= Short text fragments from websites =
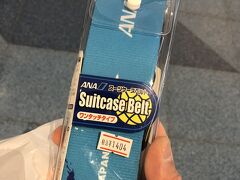 出国前に前にネットで見ていて欲しかった物をゲット！
ANAのスーツケースベルトです。
ネット通販やAmazonでさえ結構ボッタクリな価格で出ているところ多数。
実際はこの価格ですし、ANAカードユーザーなら更に10%off！
今回の旅(？)で唯一のお買い物。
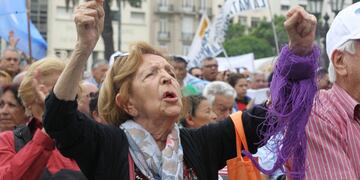 BUENOS AIRES (ARGENTINA), 18/12/2018\u002E- Jubilados se concentran hoy, martes 18 de diciembre de 2018, frente a la sede de la Corte Suprema de Buenos Aires (Argentina), para reivindicar una mejora en sus pensiones, durante una jornada marcada por la resolución del alto tribunal sobre el índice aplicable para la actualización de las jubilaciones\u002E La Corte Suprema de Justicia de Argentina resolvió hoy sobre el índice que debe aplicarse para la actualización de las jubilaciones, lo que sienta un criterio que deberá ser aplicado a las causas judiciales en trámite y que es adverso a lo establecido por el organismo de la seguridad social\u002E EFE/ Aitor Pereira\u002E buenos aires marcha manifestacion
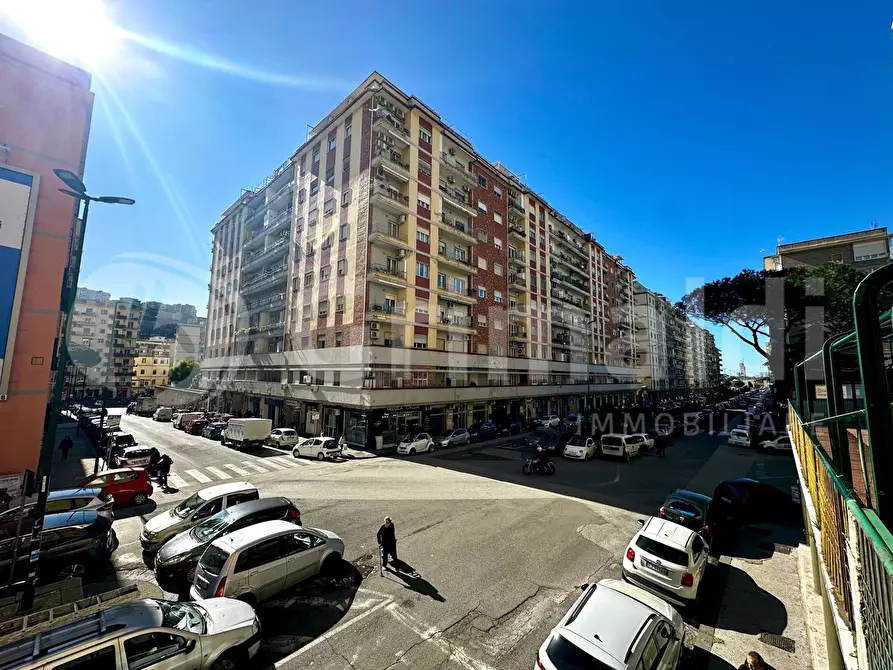 Immagine 10 di Appartamento in vendita  in Via LEPANTO, 78 a Napoli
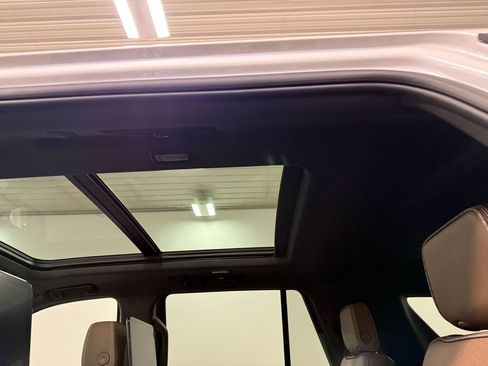 Used 2023 Chevrolet Tahoe High Country image 10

= Task requirements =
Copy each entry exactly as written, and drop the pictures from the copy.

= Written response =
 出国前に前にネットで見ていて欲しかった物をゲット！
ANAのスーツケースベルトです。
ネット通販やAmazonでさえ結構ボッタクリな価格で出ているところ多数。
実際はこの価格ですし、ANAカードユーザーなら更に10%off！
今回の旅(？)で唯一のお買い物。
 BUENOS AIRES (ARGENTINA), 18/12/2018\u002E- Jubilados se concentran hoy, martes 18 de diciembre de 2018, frente a la sede de la Corte Suprema de Buenos Aires (Argentina), para reivindicar una mejora en sus pensiones, durante una jornada marcada por la resolución del alto tribunal sobre el índice aplicable para la actualización de las jubilaciones\u002E La Corte Suprema de Justicia de Argentina resolvió hoy sobre el índice que debe aplicarse para la actualización de las jubilaciones, lo que sienta un criterio que deberá ser aplicado a las causas judiciales en trámite y que es adverso a lo establecido por el organismo de la seguridad social\u002E EFE/ Aitor Pereira\u002E buenos aires marcha manifestacion
 Immagine 10 di Appartamento in vendita  in Via LEPANTO, 78 a Napoli
 Used 2023 Chevrolet Tahoe High Country image 10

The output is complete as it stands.